1. J’ai voté en faveur de l’ensemble des points du dispositif, souscrivant notamment au montant de l’indemnité qu’il est prescrit à la République du Nicaragua de verser à la République du Costa Rica à raison des dommages environnementaux qu’elle lui a causés. Toutefois, étant donné que le présent arrêt est le premier dans lequel la Cour se soit prononcée sur l’indemnisation due pour des dommages causés à l’environnement et qu’il aura donc force de précédent, il me semble nécessaire de formuler une mise en garde au sujet de certains aspects du raisonnement de la Cour.
2. Il est à mon sens important que, dans son arrêt, la Cour ait, dans le contexte de l’indemnisation due pour les dommages causés à l’environnement, rappelé les règles et principes bien établis régissant la responsabilité internationale liée à la commission de faits illicites ainsi que les dispositions applicables du droit procédural. Le premier principe est que «l’indemnisation p[eut] constituer une forme appropriée de réparation, en particulier dans les cas où la restitution [est] matériellement impossible ou emport[e] une charge trop lourde»1. Le deuxième est que, «en règle générale, c’est à la partie qui allègue un fait à l’appui de ses prétentions qu’il appartient d’en démontrer l’existence»2. Le troisième est que «l’absence d’éléments de preuve suffisants quant à l’étendue des dommages matériels n’exclut pas [nécessairement] l’octroi d’une indemnisation pour ces derniers»3. Enfin, le quatrième est que «[l]’indemnisation ne doit … pas revêtir un caractère punitif ou exemplaire»4.

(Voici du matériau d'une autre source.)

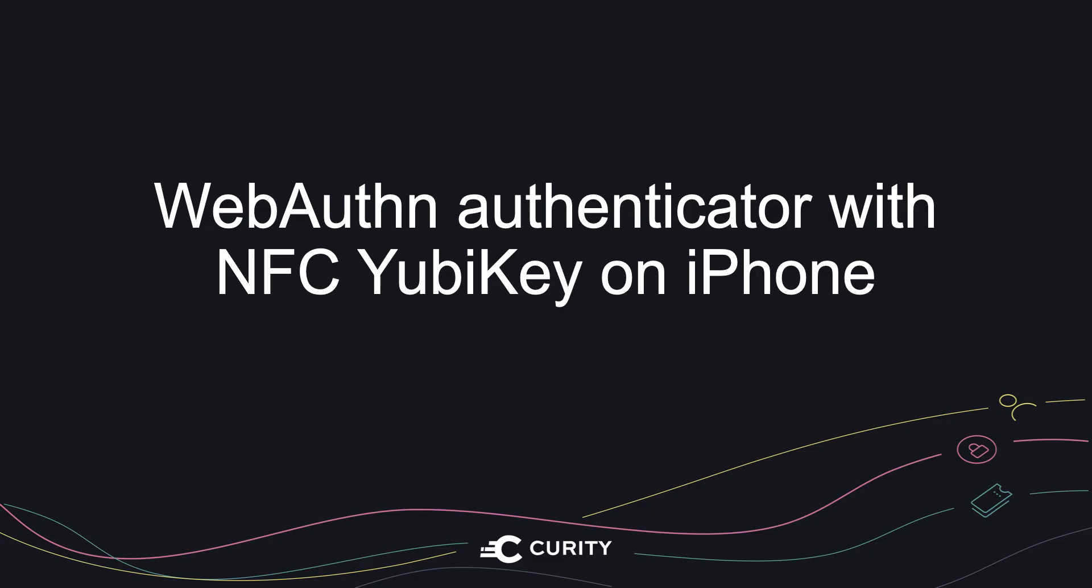That concludes our short video. If you have any questions, feel free to reach out at info at curity.io. Thanks for watching.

3. Pour déterminer le montant de l’indemnisation due, la Cour s’est livrée dans le présent arrêt à une «évaluation globale de la dégradation ou perte de biens et services environnementaux avant reconstitution» –– par opposition à une évaluation distincte pour chacune des catégories de biens et services environnementaux désignées par le Costa Rica5. Si la démarche holistique adoptée en l’espèce peut être tenue pour acceptable d’une manière générale, elle doit toutefois être mise en oeuvre en tenant dûment compte de la règle conférant la charge de la preuve à la partie qui invoque un fait, autrement le risque serait que des indemnités punitives ou exemplaires soient accordées, ce que la Cour entend éviter.
4. Dans la présente affaire, la charge de la preuve incombait au demandeur. Le fait que, dans son arrêt, la Cour ait indiqué que cette règle générale pouvait, «dans certaines circonstances», être
1 Voir le paragraphe 31 du présent arrêt (renvoyant à l’affaire relative à des Usines de pâte à papier sur le fleuve Uruguay (Argentine c. Uruguay), arrêt, C.I.J. Recueil 2010 (I), p. 103-104, par. 273).
2 Voir le paragraphe 33 du présent arrêt (citant Ahmadou Sadio Diallo (République de Guinée c. République démocratique du Congo), indemnisation, arrêt, C.I.J. Recueil 2012 (I), p. 332, par. 15).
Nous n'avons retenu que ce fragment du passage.